When the offers are pitted against each other, “Both” seems more superior. When we don’t know our preferences, we are influenced by these types of offers.

The general point: Are we Superman or Homer Simpson?

If we understand our limitations we can build around it. We somehow forget the idea we are limited. If we understand our cognitive limitations, along with our physical limitations, we can build a better world.

Peter Hirshberg and Tim Kring

Kring: I’ve been involved with TV for 20 years now, and I’ve told stories in a very linear and flat way. TV has had trouble holding its audience, so the networks are interested in tying online and offline.

Hirshberg: With Crossing Georgia you tried to do new media?

Kring: It jsut didn’t feel like it was an authentic extension of what the show was. It’s a quest to stay relevant as your audience is going away. So it was built-in from the beginning with Heroes, and that’s the whole idea behind transmedia storytelling.

Hirshberg: Compare the Heroes poster vs website. The birth was Star Wars Holiday Special.

[rolls clip]

Kring: So in the middle of this thing they run this cartoon, with Han Solo and R2, C3PO, they start to interact with Boba Fett, at that point there were probably several million 13-17 boys who is this guy and why is he talking to these characters I love? Next they started pushing the action figure, and it becomes the most fascinating thing for all these people, this strange character from outside the Lucas canon. 3 years later when he shows up in the sequel, millions of people had a personal experience with his appearance.

Kring: About three months before the show launched on TV we launched it at ComicCon, and from that an incredible viral movement launched and the early adopters went on the website, it became a phenom even before it launched.

Hirshberg: 30 years later history repeats itself, there’s a character that you built offline and then shows up on the show one day.

Kring: Hannah Gilman, the basic transmedia idea, to run concurrently with the show a series of online comic books that would carry on from where the show leaves off. And the she shows up in the show.

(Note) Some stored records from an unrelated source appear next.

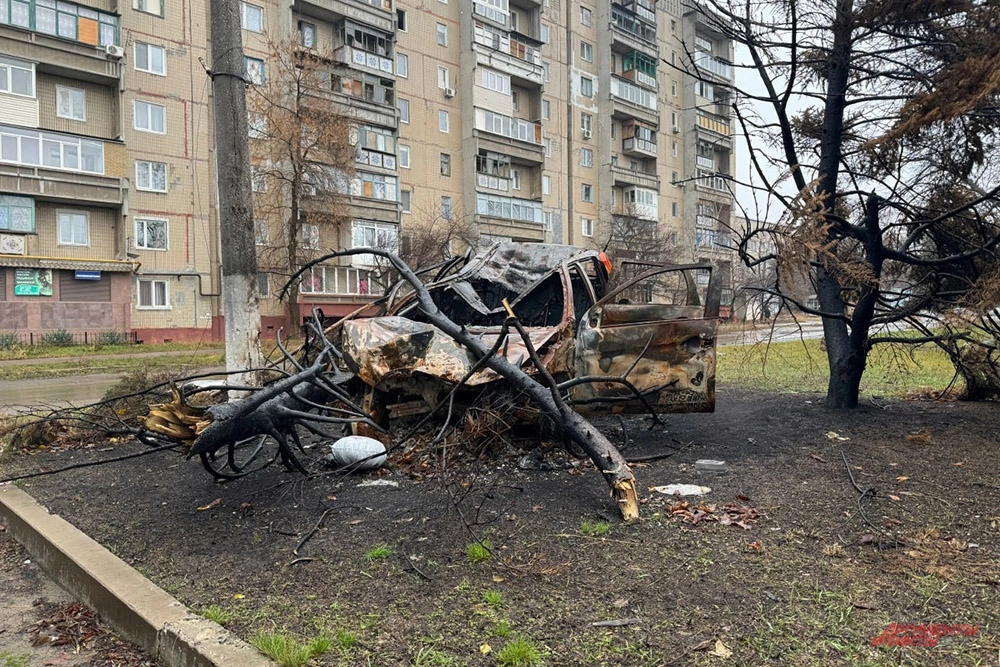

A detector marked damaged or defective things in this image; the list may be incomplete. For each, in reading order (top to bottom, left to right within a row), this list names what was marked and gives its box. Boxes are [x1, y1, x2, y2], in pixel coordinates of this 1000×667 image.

burned car [334, 241, 720, 428]
charred car door [572, 264, 720, 414]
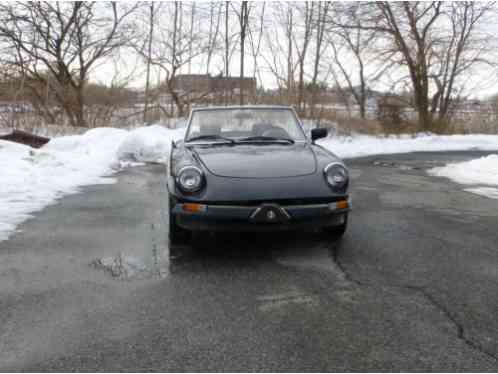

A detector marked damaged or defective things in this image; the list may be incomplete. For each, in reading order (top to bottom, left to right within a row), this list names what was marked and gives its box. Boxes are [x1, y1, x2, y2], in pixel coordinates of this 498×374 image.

cracked asphalt [0, 151, 498, 372]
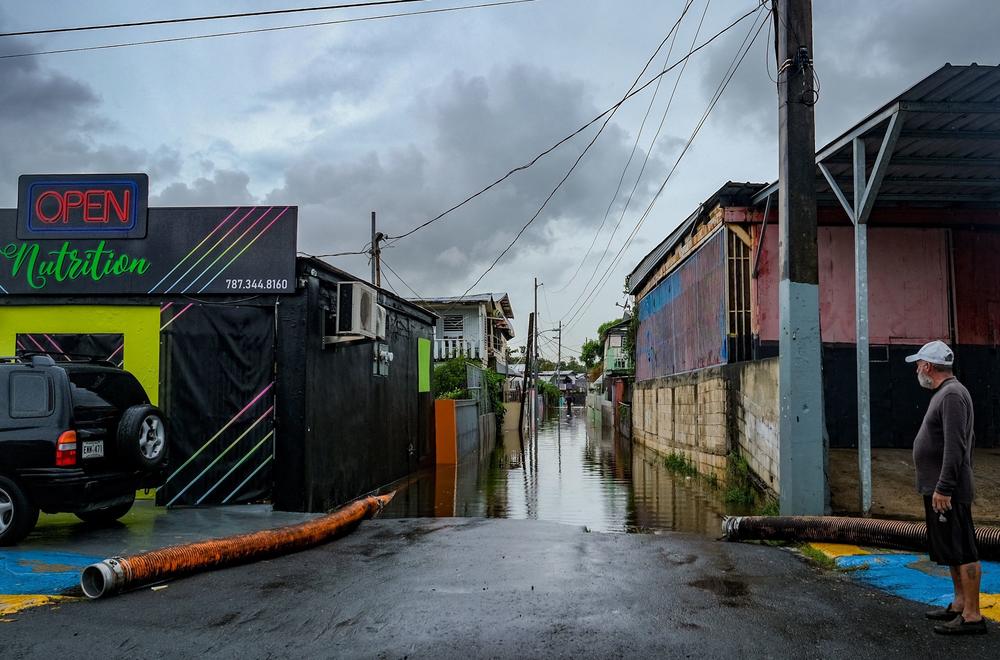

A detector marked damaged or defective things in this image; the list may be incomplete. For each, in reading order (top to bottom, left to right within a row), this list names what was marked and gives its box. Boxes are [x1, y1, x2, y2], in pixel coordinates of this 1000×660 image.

rusted metal wall [640, 229, 728, 378]
rusted metal wall [752, 227, 948, 342]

For the fans who had been accessing the online content it was an incredible easter egg to have found. it gets to the psychology of transmedia, you get more social currency as a fan of the show, you dig deeper into the canon and mythology of the show.

Hirshberg: The NBC ad folks put together a promo of everything that was going on off-TV to say we’ve got you covered like with the Olympics. With so much canon, how do you balance people who are really into it and not confusing casual viewers.

Kring: It’s always been a challenge, we’ve tried to keep everything as additive. We want to use every part of the buffalo, in a way, nothing is wasted. If a character disappears on the show, he or she can live online, and vice versa.

Hirshberg: Part of the idea behind the show is that we’re all connected.

Kring: I started to realize how vast this online community was. The real underlying message of the show was interconnectivity and global conciousness, the fascination for many people was this connection to the message, it would be criminal not to use this tech-savvy and connected audience

Hirshberg: Here’s how a car company worked themselves into a show.

Kring: In the first season we were looking for a sponsor for the pilot and we got Nissan to do it, we came up with the idea of weaving it into the show. Our show is fairly expensive, and we need help, it’s our way of supplementing the budget of the show, and if the conversation happens early enough and we can start to weave it in like with the Nissan Versa.

Hirshberg: Shows Pinehearst commercial.

Kring: The idea of authenticity is very important, we’re connected to our fanbase by a very thin thread. Everything that is put out to the fans has to come from the writing room, during the strike there were some things put out like A Benjamin Franklin hero that electrocutes people.